And crashed into his sharp, 2-d  back when he spotted just the tiniest flash of blue.

“Ah HA!” 

And they were off again, into another painting.

“It’s a police box.”

“It LOOKS like a police box.”

“... it’s a painting of a police box.”

“Aghh…” he patted the door of the police box. “Don’t you listen to her, darling,” he cooed to the police box. “She doesn’t know what she’s talking about.”

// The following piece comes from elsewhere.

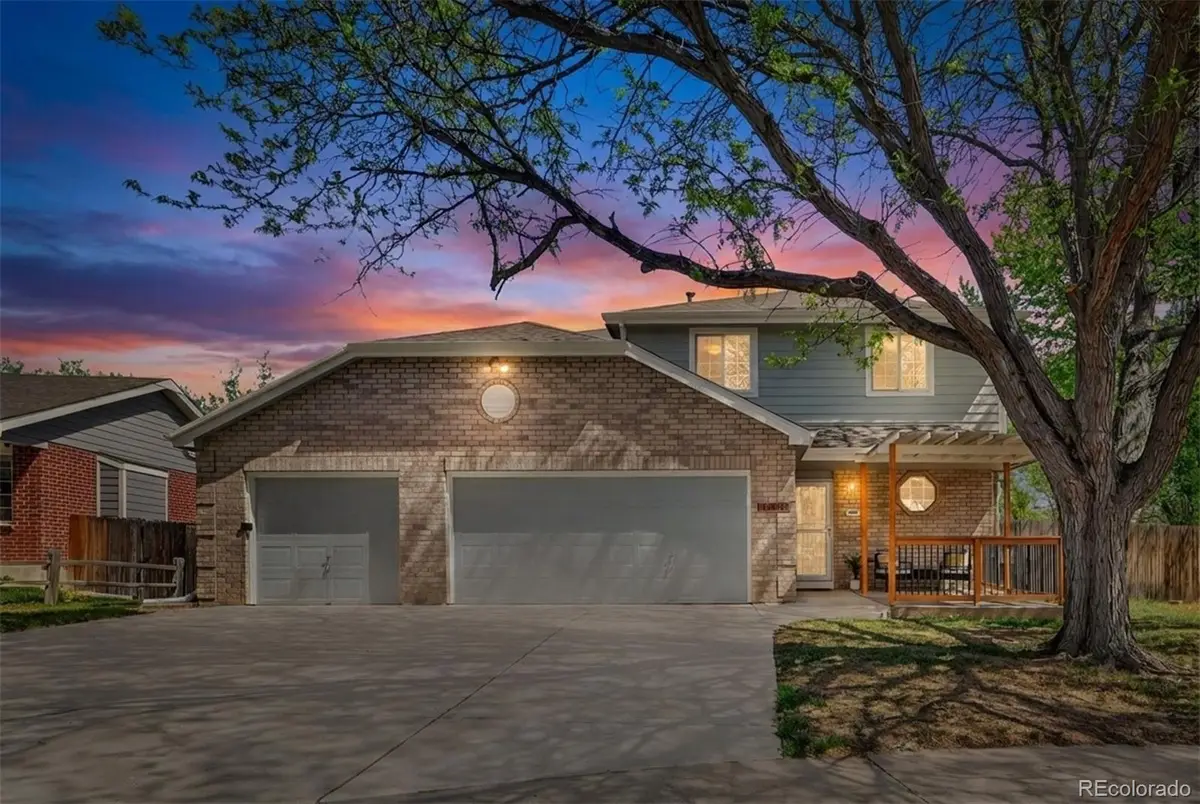 13096 Alcott Place, Broomfield, CO 80020 - #1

She gritted her teeth. She was stuck running around in a museum full of paintings with a madman who talked to fictional police boxes. “Fine.” She said, “what’s so special about  _ this _ police box?”

He took a key out of his pocket and wiggled it at her. “ _ This _ is not a police box.” He said. “ _ This _ is a TARDIS.”

“...A what?”

He turned and slotted the key into the lock. “Time and Relative Dimension In Space. TARDIS!” Then he swung the door open with a grand and imperious gesture, a King inviting the lowly peasant into his throne room.

She peeked in. “I see we made it to the Science Fiction wing,” she observed.

“Wot? Nahhh. Come on.” 

She stepped over the threshold. There was a  _ stretching _ feel, and a  _ plip _ … and then she had a nose again. She patted her face, her arms, her butt… “Oh! Oh god, oh god I have a third dimension, ohhh thank heavens my face moves like a face I’ll never take the z axis for granted ever again I swear…”

The Doctor waited for a minute, shrugged, and walked to the large console in the center of the room. He pursed his lips, fiddled with a dial, tapped one of the screens, and flicked a few glances at her before clearing his throat.

She stopped petting herself and looked at him. “What?”

“Ohh.. nothing. Just… most people ah…” He waved his arms.  “Walk into a room like this one… and might… have… something to say…? Agh, never mind.” He shrugged and turned back to his control panel. “Hey, go pull that lever over there. Yeah, yeah, that one. Now turn that dial two clicks to the left… your other left. Yes. There.” He lifted his foot up and nudged a button halfway ‘round the console. “Now… hold…. On!”

ZWOMPH.

She was suddenly on the floor. “Ow.”

He popped into her field of view like a demented, trenchcoat-wearing jack-in-the-box. “WOW! What a LANDING!” He took her by the shoulders and popped her back on her feet. “There we are! All better, nothing’s broken, everything’s in the right place.” He stuck his hand in his pocket and his face froze. “Except for that… well! Wasn’t that a charming little adventure?” He hustled her back towards the double doors. Off you go! Off to be with your… Brandon or Bob or Logan or whatever… have a  _ lovely _ night, wonderful to meet you, et cetera et cetera, ta ta!”

“Wait! But what just… how did…”

“Oh, I was just off on the coordinates just a  _ tiny _ bit… aaand out you go!” He pushed her past the doors and into a perfectly normal corridor of the museum. “It was a pleasure meeting you!” He chirped, with his eyebrows raised and his teeth showing the same way she hustled unwanted solicitors off of her doorstep, and slammed the blue police box doors in her face.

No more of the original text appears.